[Start of section]

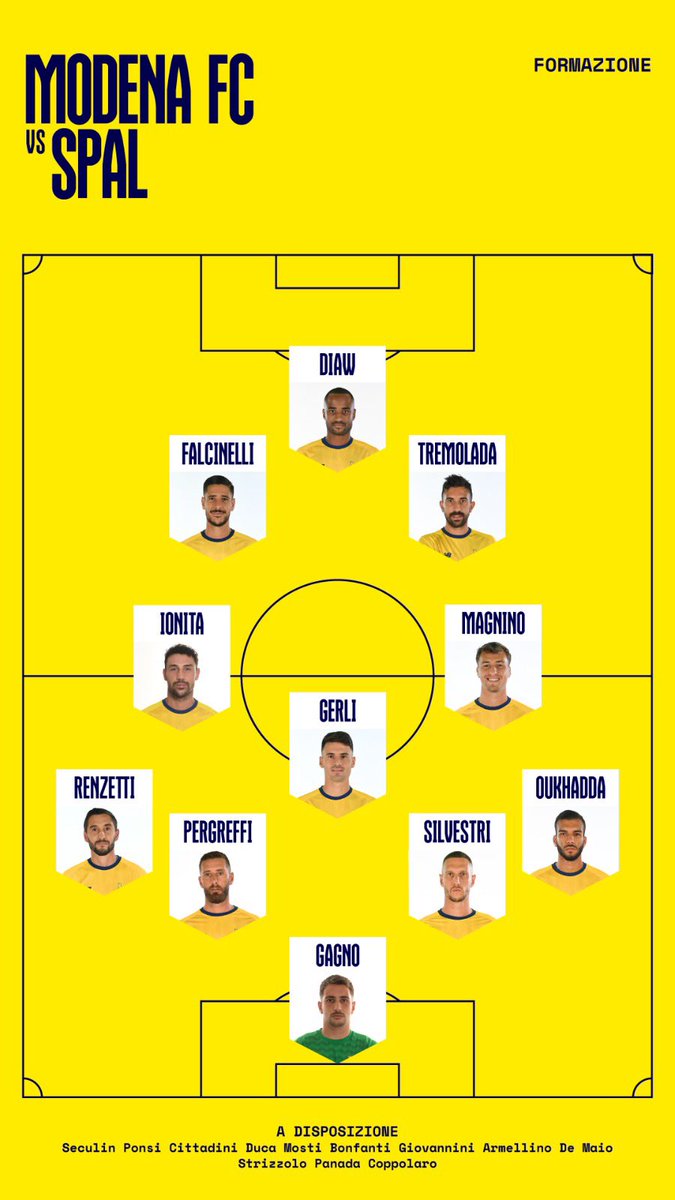 Modena_FC_1912's tweet photo. 🟡🔵🔜⚔️ #ModenaSPAL | Cominciamo così.

#ForzaCanarini #daigialli #moDNA https://t.co/Ua6FewqvvN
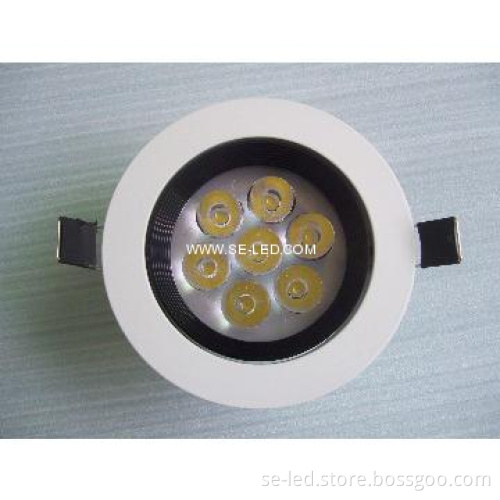 super flux round anti-dazzle led ceiling light 7watt with epistar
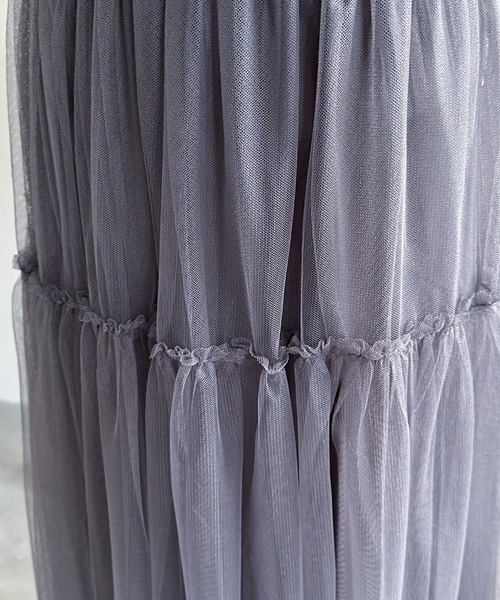 EPIMI E'PIMMY（エピミエピミー）の「チュールティアードスカート（スカート・レディース・アイボリー/ブラック/グレー・MEDIUM）」の10枚目の写真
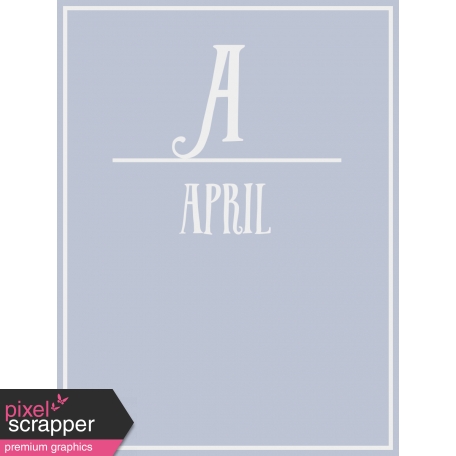 Calendar Pocket Cards Plus - april 02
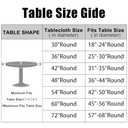 Smiry Round Picnic Tablecloth, Waterproof Elastic Fitted Table Covers for 57" - 68" Tables, Wipeable Flannel Backed Vinyl Tablecloths for Camping, Indoor, Outdoor, Coffee & White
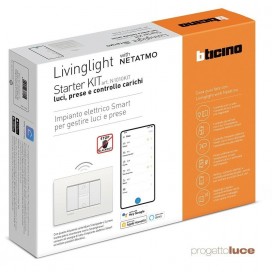Bticino N1010KIT living light BIANCO KIT Starter Luci ed Energia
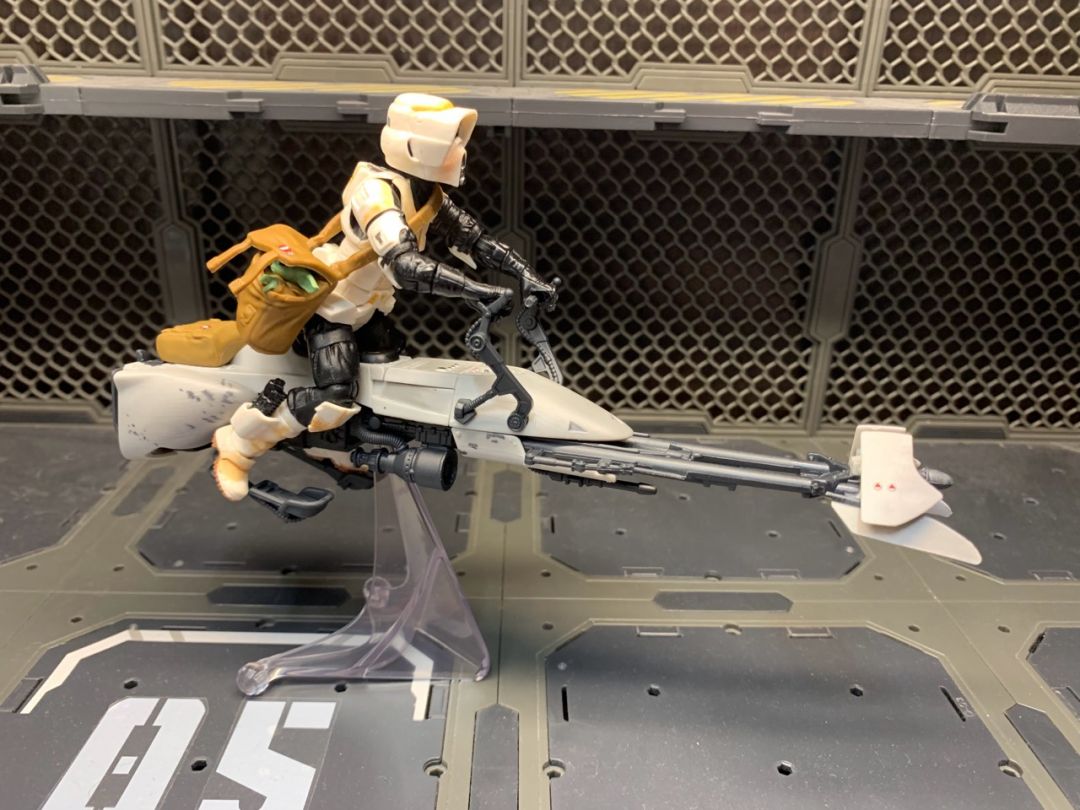 Speeder Bike, Scout Trooper & Grogu - Image 6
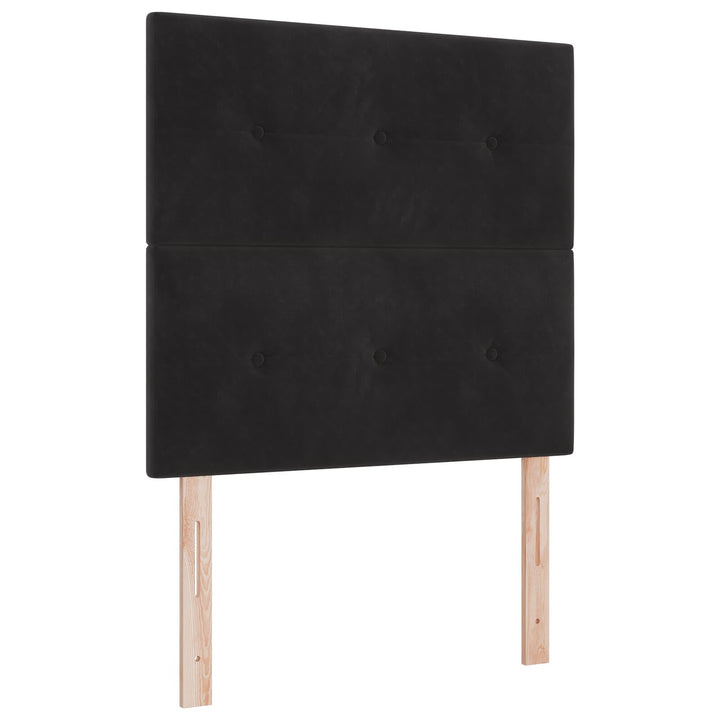 Sengestel Sort 120x190 cm Fløjl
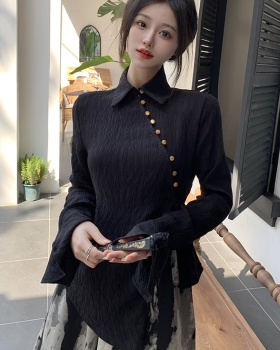 Large yard hypotenuse Chinese style tops for women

[End of section]

### Prompt
The images in the entries above should be left out; please reproduce exactly the lines from the first through the one containing "Calendar Pocket Cards Plus - april 02".

### Reply
 Modena_FC_1912's tweet photo. 🟡🔵🔜⚔️ #ModenaSPAL | Cominciamo così.

#ForzaCanarini #daigialli #moDNA https://t.co/Ua6FewqvvN
 super flux round anti-dazzle led ceiling light 7watt with epistar
 EPIMI E'PIMMY（エピミエピミー）の「チュールティアードスカート（スカート・レディース・アイボリー/ブラック/グレー・MEDIUM）」の10枚目の写真
 Calendar Pocket Cards Plus - april 02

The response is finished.